Yesterday, I sat down with my brain, and I was, like, “dude, come on. You gotta work with me.” And my brain went, “LOL nope.”
So I emailed my editor and told him that it just wasn’t going to happen. I’d worked so hard for so long, but I just couldn’t get this last bit, which is extremely important, onto the page. I accepted that this thing would be delayed by a year, and … well, the next little bit is basically [SCENE MISSING] because sometime after I wrote that e-mail, I fell into the gravity well of my Writer’s Brain without realizing it, and everything I needed to say came out as if by magic.
Well, one of the two bookends, anyway. The second one, if it matters. I still couldn’t find my way into what will likely be the very first sentence of this whole thing. Just a little bit of pressure.
I did not sleep well last night. I kept waking up, too hot or too cold. My brain seized each opportunity to helpfully throw out ideas at me. None of them were good, but I appreciated that it was doing the work.
When I woke up this morning, about 1200 words and 24 hours away from ultimate success or complete failure, my brain was even less cooperative than it was yesterday. “Come on, man, I just need to find my way in. Once I find my way in, it’ll all come together and I can do something that’s good enough to turn in. Let’s do this together, brain!” And my brain just said, “Bro. I stayed up all night working on ideas for you, and you rejected all of them.” Then it just crossed its little arms, which is a weird image but also kind of adorable, and refused to help.
If you’re going to be a writer, you have to use tools to help you when you run into things like this. You have to work through the total refusal of your brain to be a team player, over and over again. Each time is different, each trick a surprise to me as much as it’s a surprise to my brain. But where to start? What’s going to trick my brain into letting me have the last little bit that I need, the most important bit, the bit that’s shorter than all the words I’ve written and cut already.
I learned a thing in drama school that was intended to be applied to acting. I find that it applies to all creative work: keep it simple. Keep it simple and the nuances will arrive on their own, in their own time. Keep it simple, and stay out of your own way.

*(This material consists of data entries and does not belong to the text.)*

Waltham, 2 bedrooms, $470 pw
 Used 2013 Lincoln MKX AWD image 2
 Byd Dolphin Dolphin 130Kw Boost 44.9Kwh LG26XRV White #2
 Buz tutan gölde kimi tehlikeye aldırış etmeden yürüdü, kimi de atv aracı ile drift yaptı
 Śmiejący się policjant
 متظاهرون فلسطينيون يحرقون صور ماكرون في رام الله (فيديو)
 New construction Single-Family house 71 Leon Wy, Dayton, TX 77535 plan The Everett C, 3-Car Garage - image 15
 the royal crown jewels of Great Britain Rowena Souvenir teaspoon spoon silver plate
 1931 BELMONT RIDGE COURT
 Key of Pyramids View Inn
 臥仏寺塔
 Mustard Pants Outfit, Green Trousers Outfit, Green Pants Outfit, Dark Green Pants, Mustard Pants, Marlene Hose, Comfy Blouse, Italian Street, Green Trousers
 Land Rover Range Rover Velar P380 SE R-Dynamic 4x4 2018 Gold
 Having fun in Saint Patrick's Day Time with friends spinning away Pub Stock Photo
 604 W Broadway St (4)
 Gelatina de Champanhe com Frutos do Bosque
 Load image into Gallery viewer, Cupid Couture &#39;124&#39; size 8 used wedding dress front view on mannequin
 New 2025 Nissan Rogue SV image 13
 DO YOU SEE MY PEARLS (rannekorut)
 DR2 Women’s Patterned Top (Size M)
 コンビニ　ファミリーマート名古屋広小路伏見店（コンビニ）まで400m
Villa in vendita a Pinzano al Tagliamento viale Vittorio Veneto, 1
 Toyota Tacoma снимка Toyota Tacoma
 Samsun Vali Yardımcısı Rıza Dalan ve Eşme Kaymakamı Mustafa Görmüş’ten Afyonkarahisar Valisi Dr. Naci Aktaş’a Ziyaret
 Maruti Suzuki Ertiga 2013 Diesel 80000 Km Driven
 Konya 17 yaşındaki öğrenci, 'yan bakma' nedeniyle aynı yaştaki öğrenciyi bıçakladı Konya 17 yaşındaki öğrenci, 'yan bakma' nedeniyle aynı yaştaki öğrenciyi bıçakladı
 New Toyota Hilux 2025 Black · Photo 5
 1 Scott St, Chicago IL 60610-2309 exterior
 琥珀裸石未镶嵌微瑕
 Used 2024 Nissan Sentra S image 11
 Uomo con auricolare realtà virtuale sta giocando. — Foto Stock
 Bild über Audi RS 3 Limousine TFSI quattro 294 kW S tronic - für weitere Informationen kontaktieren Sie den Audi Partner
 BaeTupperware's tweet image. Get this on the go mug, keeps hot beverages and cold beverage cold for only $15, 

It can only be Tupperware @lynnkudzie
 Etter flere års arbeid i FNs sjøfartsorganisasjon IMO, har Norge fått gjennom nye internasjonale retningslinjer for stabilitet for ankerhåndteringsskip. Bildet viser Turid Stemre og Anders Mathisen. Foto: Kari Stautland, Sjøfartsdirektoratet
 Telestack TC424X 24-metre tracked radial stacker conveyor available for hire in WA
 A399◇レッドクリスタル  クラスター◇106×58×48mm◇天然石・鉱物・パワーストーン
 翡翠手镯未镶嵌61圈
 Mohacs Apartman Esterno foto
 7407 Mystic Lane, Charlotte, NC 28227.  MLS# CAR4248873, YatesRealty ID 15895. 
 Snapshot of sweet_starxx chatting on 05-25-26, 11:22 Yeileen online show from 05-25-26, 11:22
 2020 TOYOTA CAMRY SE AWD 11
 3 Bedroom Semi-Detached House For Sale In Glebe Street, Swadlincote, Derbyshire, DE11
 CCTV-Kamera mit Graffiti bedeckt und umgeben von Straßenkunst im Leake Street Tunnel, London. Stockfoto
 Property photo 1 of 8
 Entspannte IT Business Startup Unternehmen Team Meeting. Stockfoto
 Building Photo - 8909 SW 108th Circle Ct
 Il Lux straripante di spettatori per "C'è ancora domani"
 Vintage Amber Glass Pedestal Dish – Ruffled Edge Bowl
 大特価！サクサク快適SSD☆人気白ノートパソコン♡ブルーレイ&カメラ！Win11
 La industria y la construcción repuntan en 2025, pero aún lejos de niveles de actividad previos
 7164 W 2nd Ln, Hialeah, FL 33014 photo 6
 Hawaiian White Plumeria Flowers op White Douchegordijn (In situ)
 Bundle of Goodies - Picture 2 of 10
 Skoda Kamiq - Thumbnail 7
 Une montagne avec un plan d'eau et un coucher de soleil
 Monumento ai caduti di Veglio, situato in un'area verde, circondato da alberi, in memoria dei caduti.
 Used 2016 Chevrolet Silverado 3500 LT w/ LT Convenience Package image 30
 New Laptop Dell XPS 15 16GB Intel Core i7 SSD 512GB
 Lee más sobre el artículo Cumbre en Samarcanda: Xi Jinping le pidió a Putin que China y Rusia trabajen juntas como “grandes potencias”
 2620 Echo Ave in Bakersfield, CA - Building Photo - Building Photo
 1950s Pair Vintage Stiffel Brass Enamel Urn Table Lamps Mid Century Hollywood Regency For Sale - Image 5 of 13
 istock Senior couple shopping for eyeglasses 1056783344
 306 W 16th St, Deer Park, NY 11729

Keep it simple. Okay. Let’s try that.
I went all the way back to the basics, from probably middle school, and I made an outline. For 1200 words. A few beats, broken down into a beginning, middle, and end. Not entirely perfect — oh except that phrase, that’s a nice one that’s absolutely going into it — but good enough to get started.
I opened a new text editor and started where my outline said to start.
About fifty words into it, I realized it was all wrong. It was all horribly wrong. I hate this. This isn’t where this thing starts. Oh! Shit! I know! This thing starts at
[SCENE MISSING]
And then it was done. It’s not final, but it’s good enough.
A completed first draft, 24 hours before the drop dead deadline. Success!
You bet your life I’m going to celebrate. I’ll be taking my brain out for ice cream.